Measurement of construction labor productivity can be an elusive task. Unlike manufacturing and other industries, construction tasks vary widely by project type, contractor specialty, and other factors. In short, when you’re not mass-producing a standardized product, measuring productivity becomes more difficult.
Even with these challenges, industry researchers and practitioners have made strides measuring productivity in recent years, and some interesting trends have emerged. While exact productivity metrics have varied, most sources agree that construction labor productivity has room for improvement.

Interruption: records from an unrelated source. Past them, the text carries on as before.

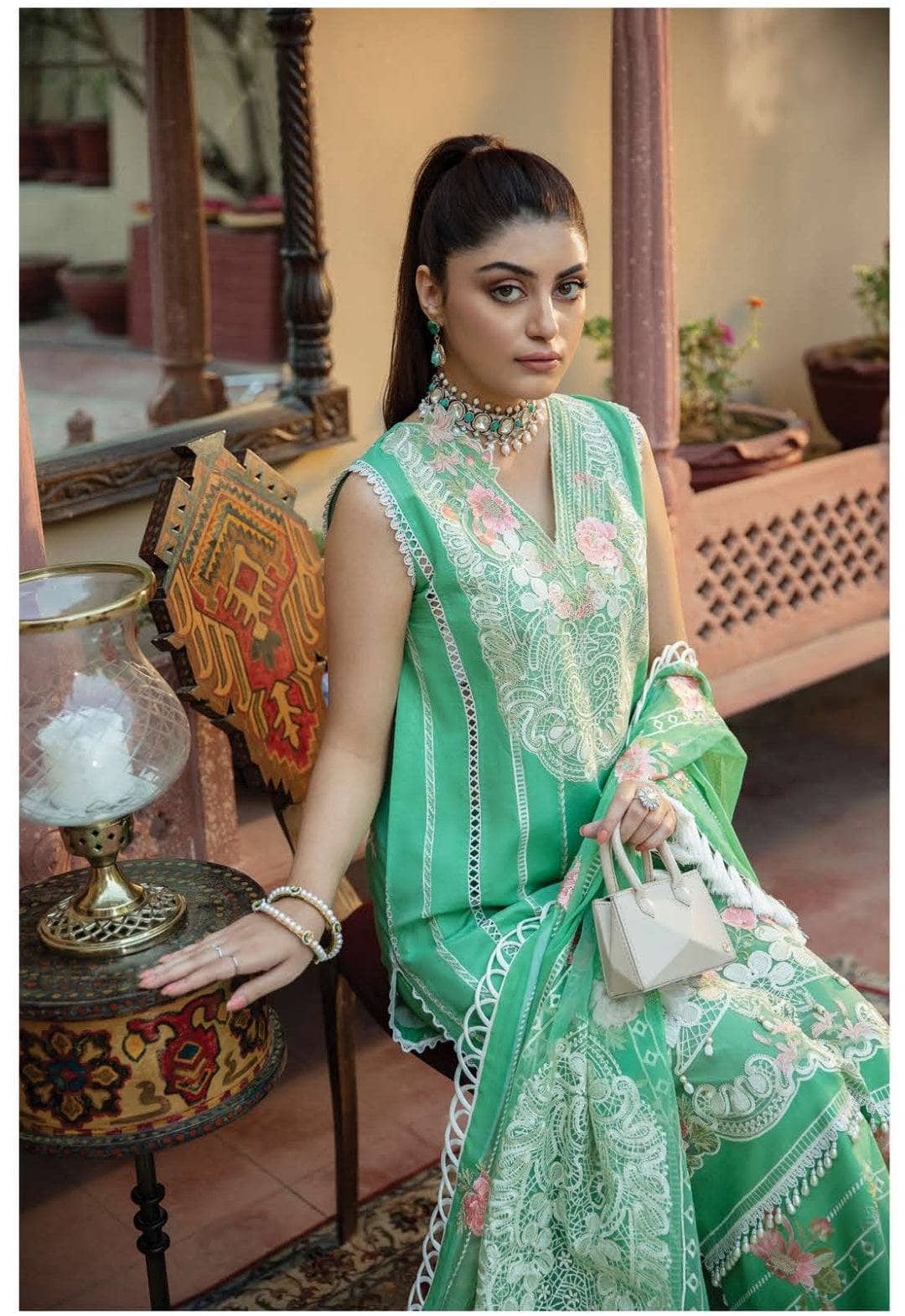 img_bin_ilyas_dastak_lawn_22_awwal_boutique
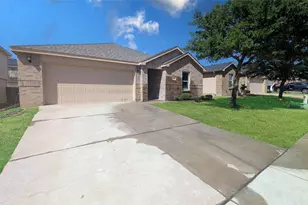 5112 Glen Eden Dr, Fort Worth, TX 76119 - Photo 2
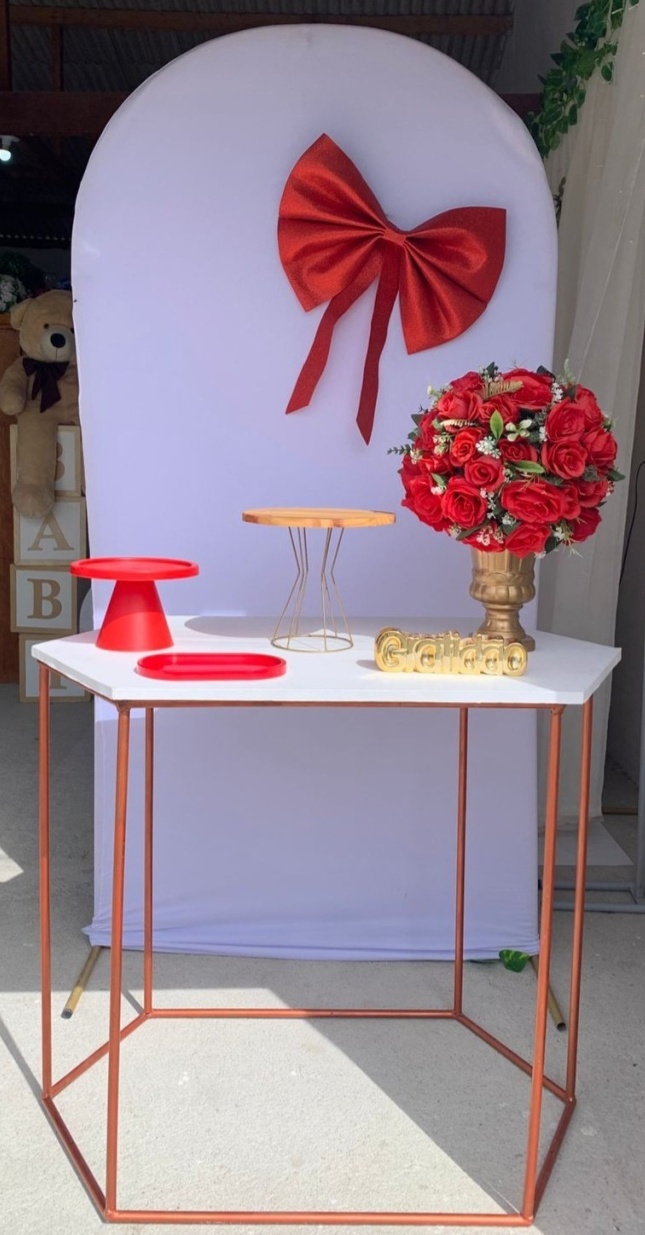Laço Vermelho Composição - Artes e Encantos locações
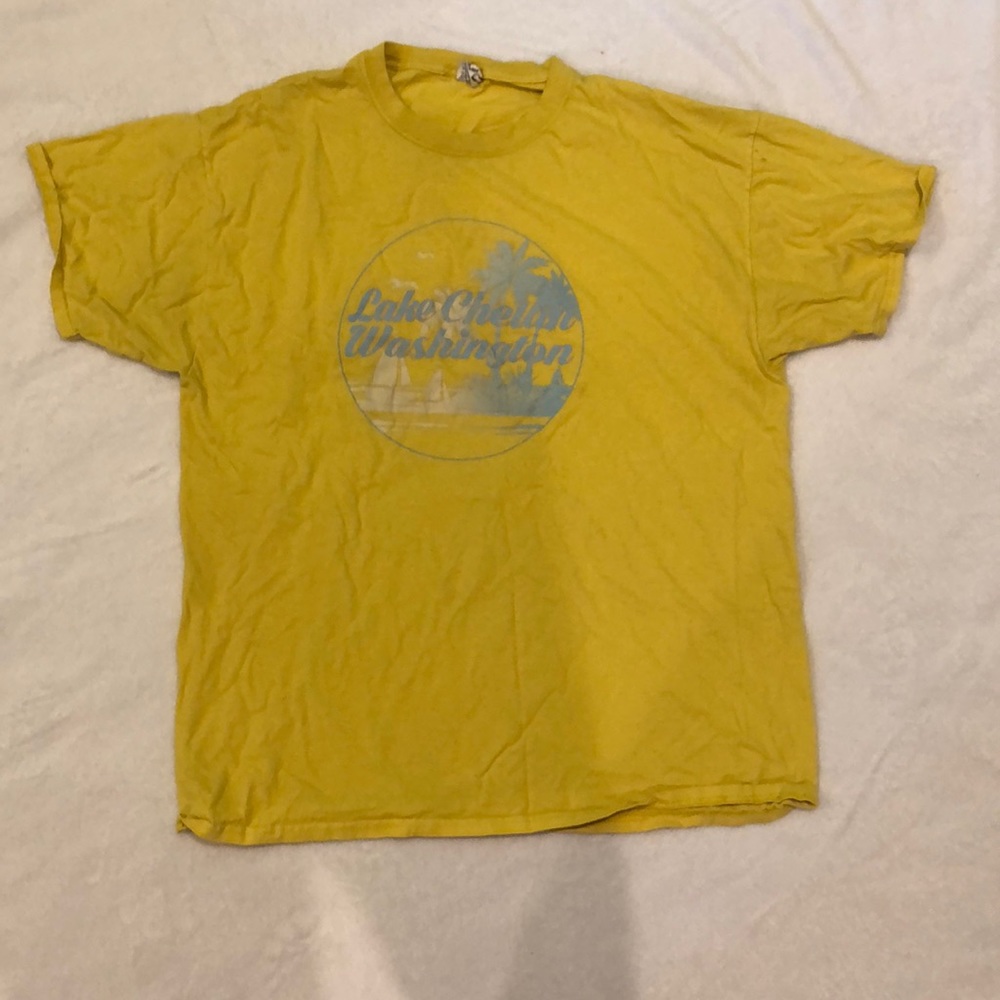 yellow lake chelan washington shirt ✨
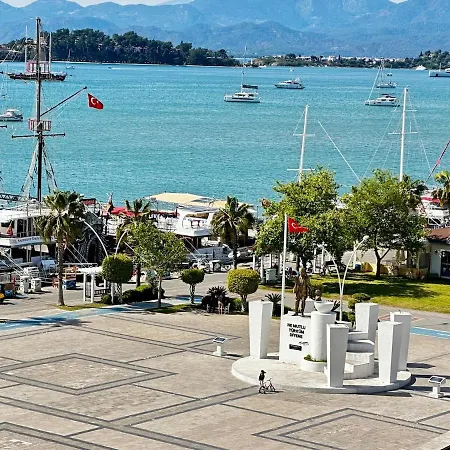 Ultra Luxury Dallas In Marina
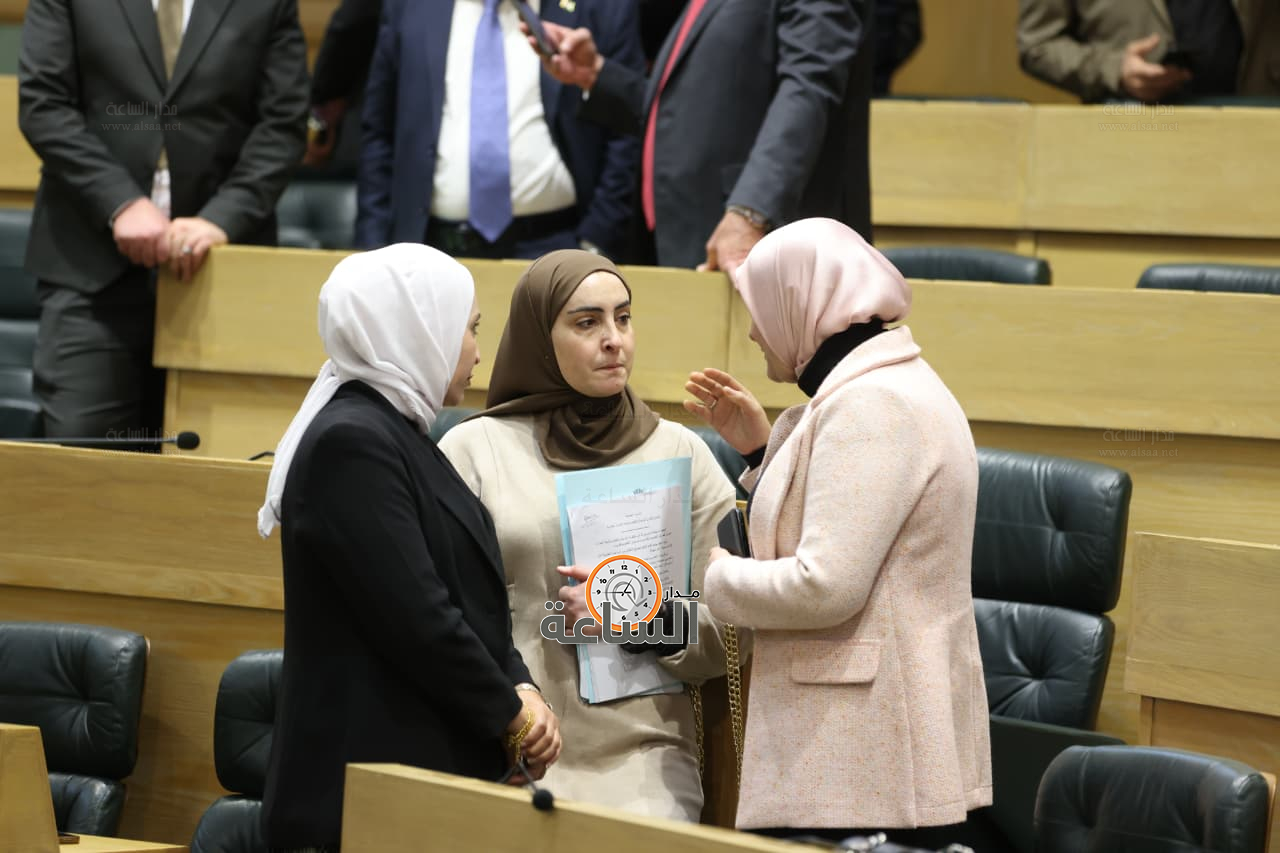 Madar Al-Saa Images 0.4275084053301236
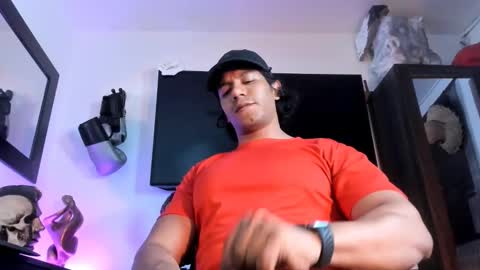 Snapshot of _heracles1 chatting on October 24, 4:20 am Heracles online show from October 24, 4:20 am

In September 2020, the U.S. Bureau of Labor Statistics (BLS) published productivity statistics for four construction sectors:
- Single-family residential construction
- Multiple-family residential construction
- Industrial building construction
- Highway, street, and bridge construction
The BLS statistics are based primarily on output and employment data from the Census of Construction (COC), which regularly compiles data in these areas. According to the latest numbers, productivity decreased between 2007 and 2019 in three of the studied sectors and increased slightly in one – industrial building construction.
Source: Bureau of Labor Statitics, Office of Productivity and Technology
Other studies have reached slightly different conclusions. In 2018, the BLS found that productivity had increased in three of the four sectors between 1987 and 2016. Only the highway sector showed a negative trend in that timeframe.
A 2016 report prepared by Whole Life Consultants Limited (WLC) for Experian and the British Construction Industry Training Board (CITB) determined that construction productivity in the United Kingdom increased by approximately 1 percent between 1998 and 2014. The report noted similar trends dating back to 1978.
Factors Affecting Productivity
Data aside, how can productivity be measured, and what are the factors that determine productivity? Again, opinions vary, but construction productivity is often measured as output per labor hour – how much work gets done in the time spent. Output can be expressed in terms of physical quantities (e.g., square feet) or financial units (e.g., dollars).
Factors affecting productivity can vary across different sectors, but many factors are common throughout. A study conducted by Carnegie Mellon University identified factors in three categories:
- Labor characteristics – Age, skill, experience, leadership, and motivation of the workforce.
- Work conditions – Job size and complexity, site accessibility, equipment use, and other project-specific factors.
- Non-productive activities – indirect labor, rework, work stoppages, and other activities not directly resulting in productivity.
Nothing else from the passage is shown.